# Teeny E.L.F Haul from Winners! :o + swatches



## mello (Mar 4, 2010)

Hey everyone! Just wanted to share my little E.L.F Haul from today. We got a bunch of stuff in at my work (Winners) and I was just dying to try a few things out, so I bought the ones I was most interested in. It would have worked out to about the same as ordering it online, anyways.

I got:
- E.L.F Studio Blushed/Bronzed Duo
- E.L.F Studio Warm Bronzer
- E.L.F Studio Golden Bronzer

Enjoy!

Photos taken in natural light, on NC30 skin.































It's actually Golden on the left, Warm on the right. My bad.





(all of the colors in the bronzer were mixed together)





Individual color swatches. L-R: Top Left color, Top right, Bottom left, bottom right. (look at previous images of bronzers for color comparasion)

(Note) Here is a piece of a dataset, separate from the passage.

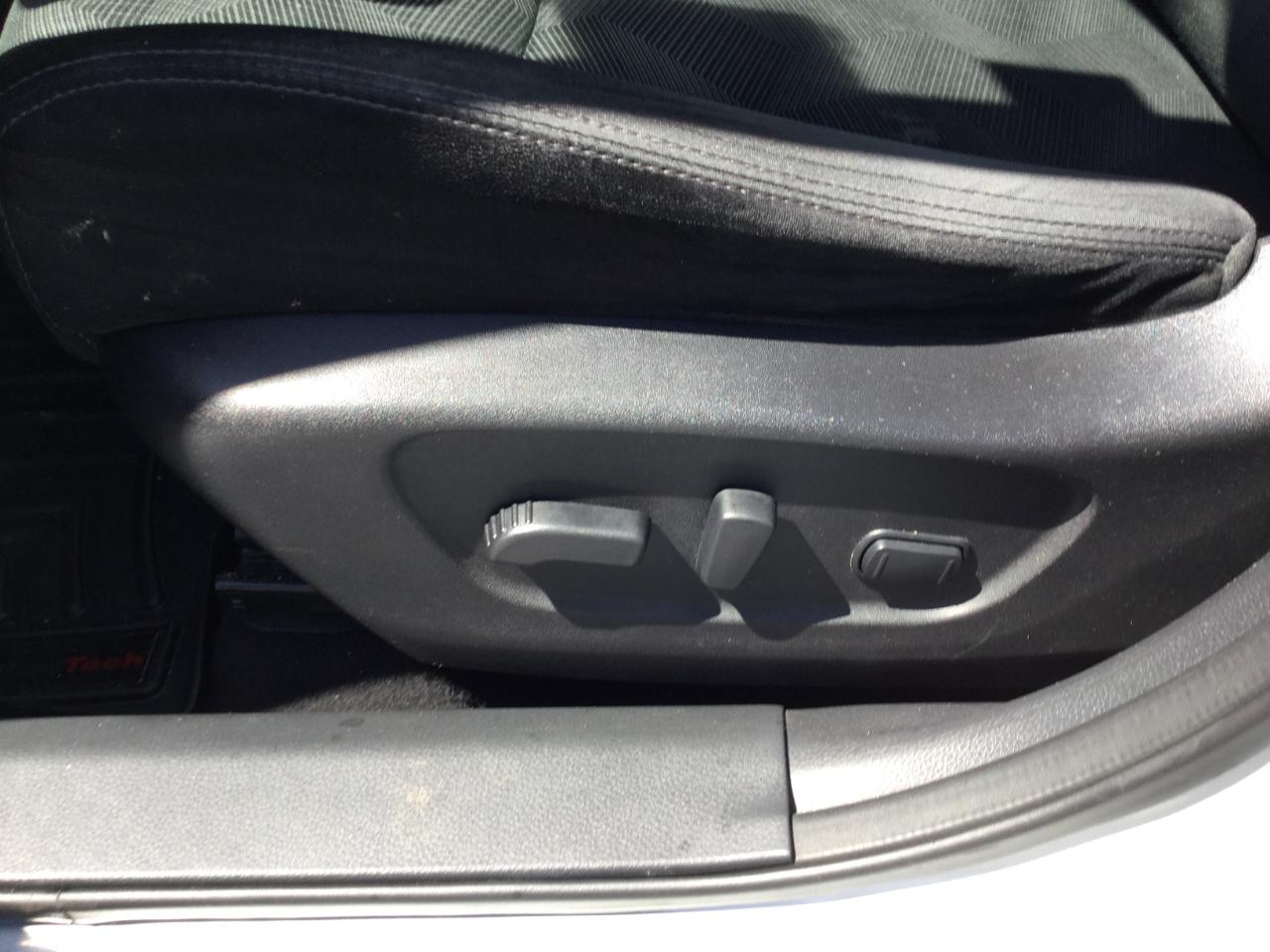 Nissan Rogue AWD 4dr SV 2014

Individual color swatches. L-R: Top Left color, Top right, Bottom left, bottom right. (look at previous images of bronzers for color comparasion)


----------



## Holy Rapture (Mar 5, 2010)

Cool haul!


----------



## HOTasFCUK (Mar 5, 2010)

Nice haul! I hope my Winners here gets them! How much did you pay?


----------



## Modmom (Mar 5, 2010)

Awesome!  Glad you were able to pick them up before people start swatching them.  Our Winners' beauty section is awful for that.  Everything is touched and used and kits always have something stolen out it.  Thanks for sharing the swatches


----------



## marquise (Mar 5, 2010)

They look very similar to the NARS duos! The packaging is really similar.


----------



## gemmel06 (Mar 5, 2010)

Nice haul 
	

	
	
		
		

		
		
	


	




 Some winners in toronto already have elf but they have the gift packages.


----------



## future.md90 (Mar 5, 2010)

oh wow i never knew winners got the studio line items too i am so going to check my winners out now thanks


----------



## mello (Mar 5, 2010)

Quote:

   Originally Posted by *HOTasFCUK* 

 
_Nice haul! I hope my Winners here gets them! How much did you pay?_

 
I paid 6.99$ per item, plus I get a 10% discount. I think they're $3.00USD on the site, so CAD it would be almost $4.00, plus about $6.00 for shipping so each item would have worked out to about 6 bucks anyways. I thought it was a decent deal, saves me the wait and worry about them breaking on the trip!

 Quote:

   Originally Posted by *Modmom* 

 
_Awesome!  Glad you were able to pick them up before people start swatching them.  Our Winners' beauty section is awful for that.  Everything is touched and used and kits always have something stolen out it.  Thanks for sharing the swatches 
	

	
	
		
		

		
		
	


	


_

 
Ugh, I never understood why people did that! I could honestly rant forever about how stupid it is. I do understand that people like to get a feel for the color on their skin, the texture, etc, but honestly it's already discounted so resist the urge to touch and just get it if you like it! I will normally take something out of the box to get a better look at the color, but I will NOT touch the actual product, and I always put it back in the box. Considering 90% of that stuff can't even be sanitized, it's disgusting! /end rant

 Quote:

   Originally Posted by *marquise* 

 
_They look very similar to the NARS duos! The packaging is really similar._

 
The blushed/bronzed duo is actually very similar to the Orgasm and Laguna duo! The blush color is just a LITTLE off, but not by much. It also doesn't wear as long, but if you're on a budget it's a really good deal. The packaging is also just plastic, it doesn't have the kind of rubbery coating on it that NARS does, so it stays clean


----------



## Whitney6195 (Mar 14, 2010)

I've heard good things about the ELF bronzers! I might have to buy one now, they look pretty good!


----------



## ruthless (Mar 15, 2010)

The winners out here get quite a bit of UD stuff, but it's all unpopular colours and discontinued items like the pigments. It's funny because all of the stuff you can get at Winners (TJ Maxx? in the states, or Ross?) shows up on allcosmeticwholesale.com like EXACT same items so can tell where they got those items! Winners is strange that way, they had a bunch of the CG Up up and away collection there and those are brand new, yet they've got really old discontinued crap from other lines. I'm very picky when it comes to stuff from that store for reasons listed in above posts too. But don't get me wrong I LOVE WINNERS!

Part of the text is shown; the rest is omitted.